The custom white balance feature lets you use a white or gray card to get accurate colors even under the most unusual lighting conditions. As you can see, the NV3 lets you crank the ISO as high as 1000, and we'll see how it performs at that sensitivity later in the review.

The long time shutter feature can only be used in the night scene mode. When activated you can manually select both the aperture and the shutter speed, with ranges of F3.5 - F8.0 and 1 - 16 secs, respectfully.

Below the +/- button we find the four-way controller, which is responsible for about a million different functions (only slightly kidding). In record mode, it's used for menu navigation and also for:

  • Up - Voice recording (records 10 sec voice clips to attach to a photo)
  • Down - Macro (Off, auto macro, super macro, macro) - more on this later
  • Left - Flash setting (Auto, auto w/redeye reduction, fill flash, slow synchro, flash off, redeye reduction) - I believe this last option uses the software tool to remove redeye
  • Right - Self-timer (Off, 2 or 10 sec, two shot)
  • Center - Menu/OK

You'll use the four-way controller while playing movies or music, just like you would on any MP3 player. This is also how you'll activate the voice recording feature, which records up to one hour of audio.

The final button on the back of the NV3 enters playback mode and also marks a photo for printing once you're there.

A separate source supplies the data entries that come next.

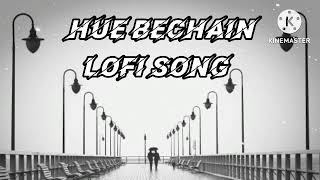 hue Bechain lofi song @tseries @reallofiguru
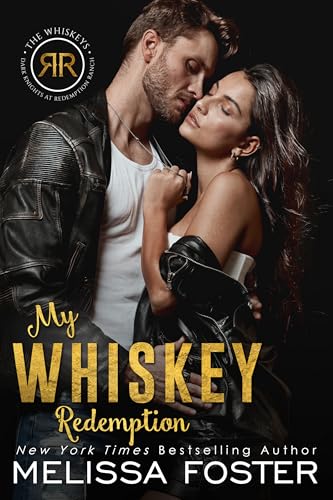 My Whiskey Redemption: Birdie Whiskey (The Whiskeys: Dark Knights at Redemption Ranch Book 6)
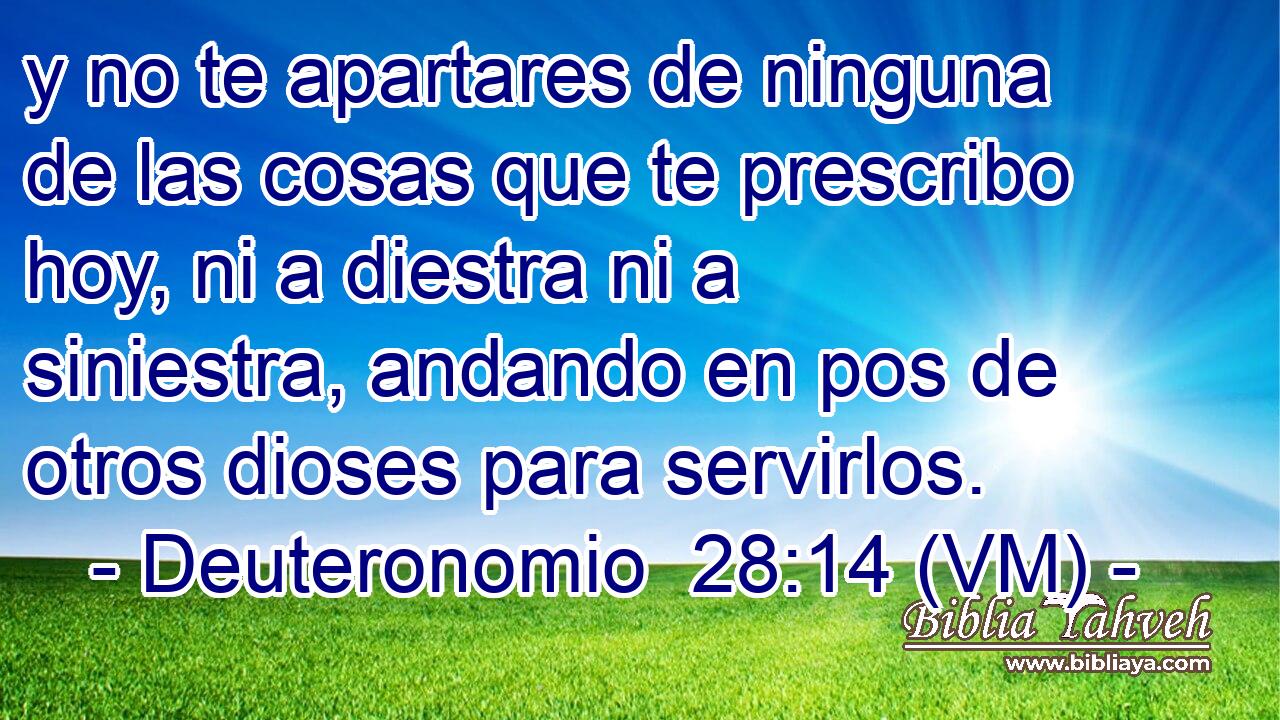  y no te apartares de ninguna de las cosas que te prescribo hoy, ni a diestra ni a siniestra, andando en pos de otros dioses para servirlos. 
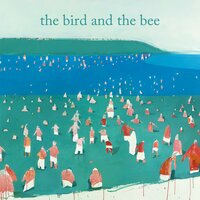 Lifetimes - The Bird And The Bee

Here's the top of the camera. Those two silver discs on either side of the photo aren't buttons -- they're actually speakers that look a lot like buttons. While I like having stereo speakers on my camera, it would've been nice had they not looked just like shutter release buttons.

The button on the left turns the camera on and off and, as you can see, it glows when the power is on. Next up we have the mode dial, which has these options:

Option Function
Auto record mode Point-and-shoot, most menu options locked up
Program mode Still point-and-shoot, but with full menu access
Advanced Shake Reduction (ASR) A digital anti-shake feature; see below for more
Scene mode You pick the situation and the camera uses the right settings. Choose from night scene, portrait, children, landscape, close-up, text, sunset, dawn, backlight, firework, and beach & snow
Movie mode More on this later
MP3 player See below
PMP (portable media player)
Text viewer

There's a lot to talk about before we can move on! First I want to mention the ASR feature, which is similar to the Anti-Shake DSP found on Casio's cameras in that they are both digital effects. While cameras with true optical image stabilization move the a lens element or even the CCD itself to compensate for the effects of "camera shake", the NV3 boosts the ISO in order to get a faster shutter speed, and then digitally processes the image to reduce any blurring. There's also a "wise shot" feature, which is very similar to the Natural Light & Flash feature on some of Fuji's newer cameras, which takes a shot with ASR followed by another using the flash, letting you choose the best one. So how well does ASR actually work?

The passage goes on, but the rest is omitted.